Next we drove up to the top of the Atherton Tablelands at roughly 3,000 feet above sea level. The drive through the dusty town of Mareeba took us through very dry country dotted with huge termite mounds the size of boulders. Much of the original, pre-settlement rainforest that used to predominate here has been converted to agriculture (corn, potatoes, wheat, sugar cane, bananas, etc.), making the few remnant patches of forest critical for wildlife. Luckily, this part of Australia has a great many national parks, conservation parks and state forest areas. The landscape became greener and the rolling farmland called to mind Ireland as we neared Yungaburra, a charming little historic town that sits in the middle of many protected areas. The closest is Curtain Fig National Park, where an enormous strangler fig tree’s long, cascading, tangled roots reportedly could take a week to count.
We met bird guide Alan Gillanders for an afternoon in the field to search for higher-altitude species. Like Del Richards down on the coast, Alan was a rather unexcitable guy, and he gave long, slow answers to each question. But he was good company and knew his birds. He pointed out the curious creation of a golden bowebird. Male bowerbirds build elaborate stick structures — some taller than I am — and decorate them with lichen, flowers, shells, broken glass, plastic bottle caps and other shiny, colorful bits of junk that they pick up here and there. This effort is meant to impress a female bowerbird with his construction skills and entice her into the bower (or “shag shack” as the locals called them) for a little romance. The nest is located elsewhere.
We also stopped near a tree-planting project of Alan’s that helped create one of the numerous wildlife corridors connecting forested patches, and in a nearby field more than 50 wallabies came bounding into view. This particular species was the agile wallaby, but I think they are misnamed, because on our drive through the Atherton Tablelands we saw dozens of smashed ones on the roadside that obviously had not been agile enough to avoid speeding cars at night.
Nearing dusk we continued on to the Chambers Rainforest Lodge near Lake Eacham inside Crater Lakes National Park. On the road approaching the lodge, we saw not only a large python but also a red-legged pademelon — a marsupial that resembles a kangaroo — hopping off into the deep woods. The lodge host, John, has been observing these adorable creatures for decades and giving nightly introductions to the animals from a viewpoint on the deck overlooking a small lawn where the pademelons gather to feed at night. Some of the pademelons in the resident group act as security guards, patrolling the perimeter of the grounds. As we walked around we would suddenly come across one of the “guards” who would give us a wary glance and then thump around to let the other pademelons know we were no threat.
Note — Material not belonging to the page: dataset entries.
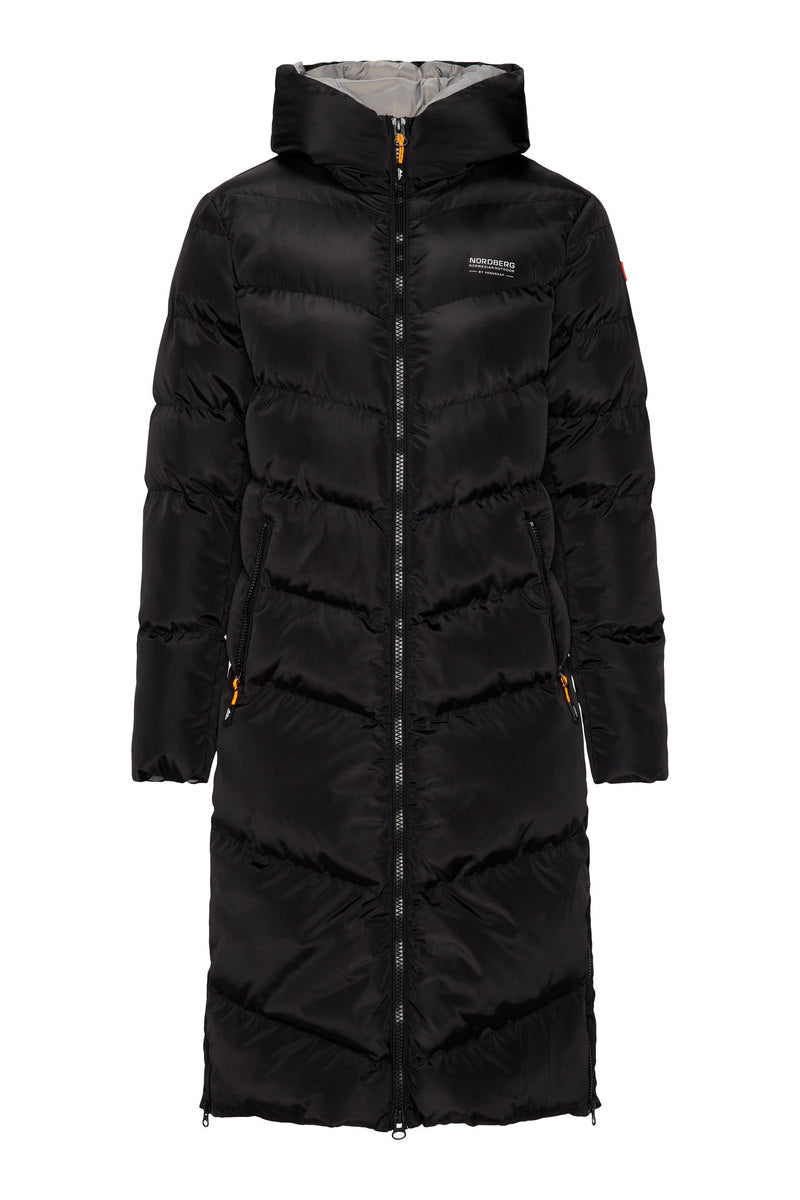 Nordberg Helena puffer winterjas dames zwart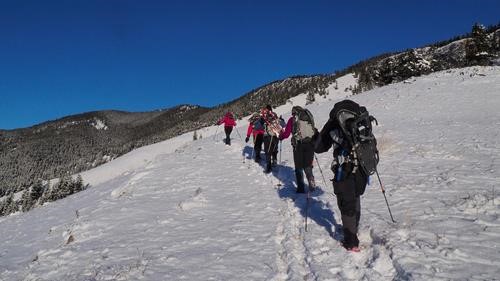 No complaints about having to pack snowshoes.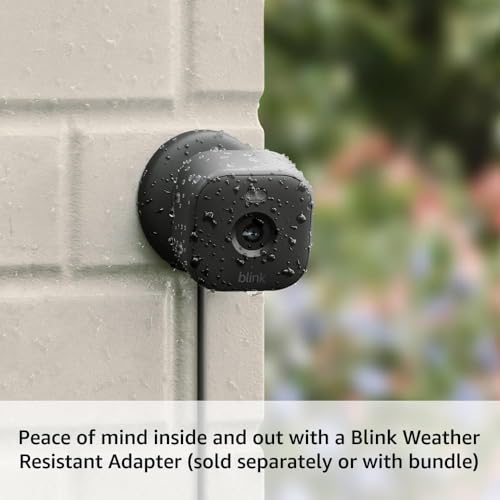 All-New Blink Mini 2 — Plug-in smart security camera, HD night view in color, built-in spotlight, two-way audio, motion detection, Works with Alexa — 3 cameras (Black)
At the approach of dingoes, however, the guard makes a different noise and everyone dashes off to safety.
After we admired these animals we walked down to another viewing area to check out the sugar gliders. These delightful creatures spread their arms and legs to soar from tree to tree. They swoop in silently, so unless you’re very alert or happen to have one cross your field of vision, you merely hear a tiny thud as they land on a tree to lick the sugary solution that John’s daughter had applied to the trees. A bandicoot and a gigantic white-tailed rat also arrived to check out the sweet feast. The rainforest here buzzed with eerie night sounds and fascinating morning birdcalls, but because we were exhausted from each day’s activities, sleeping came very easily.
The next morning some Australian brush turkeys — arguably the country’s boldest birds — came strutting up the steps of the cottage to beg for a share of our breakfast. We met Alan again for a full day’s exploration of the area, and during a lunch stop at Lake Barrine National Park, (where 1,000-year-old twin kauri trees are one of the star attractions), another Australian brush turkey emerged from the woods as soon as we were out of the car. He circled around our picnic table, eyeing us inquisitively and eventually stalking off after he realized he would not get a handout.
But we simply could not resist giving a handout to the Mareeba rock wallabies at Granite Gorge Nature Park, a private park set in the drier country up near Mareeba that hosts a colony of these sweet, gentle marsupials. Even though they are wild animals, people come here to feed them on the exposed boulders, and although ecologists might frown on the practice, I couldn’t help joining in. They hopped toward me and ate grains right out of my hands, and I could feel their soft, furry chins rubbing against my fingers as they licked the crumbs from my palm.
Nothing is cuter than a little joey sticking its head out of mom’s pouch as she looks into your eyes and puts her paw in your hand; the experience could melt the heart of the iciest person on Earth. Perhaps in my own way I am one of those cold-hearted people, though, because for dinner later that evening I ordered the kangaroo pie (yes, made with kangaroo meat). And it was delicious despite the twinge of guilt I felt, especially having spent most of the 1990s as a vegetarian. I felt another twinge of guilt when we went back out after dinner with Alan to spotlight nocturnal animals — which make up the vast majority of this country’s mammals — and saw the Lumholtz’s tree kangaroo, striped possum, coppery brushtail possum and green ringtail possum. Okay, maybe I should go back to being a vegetarian.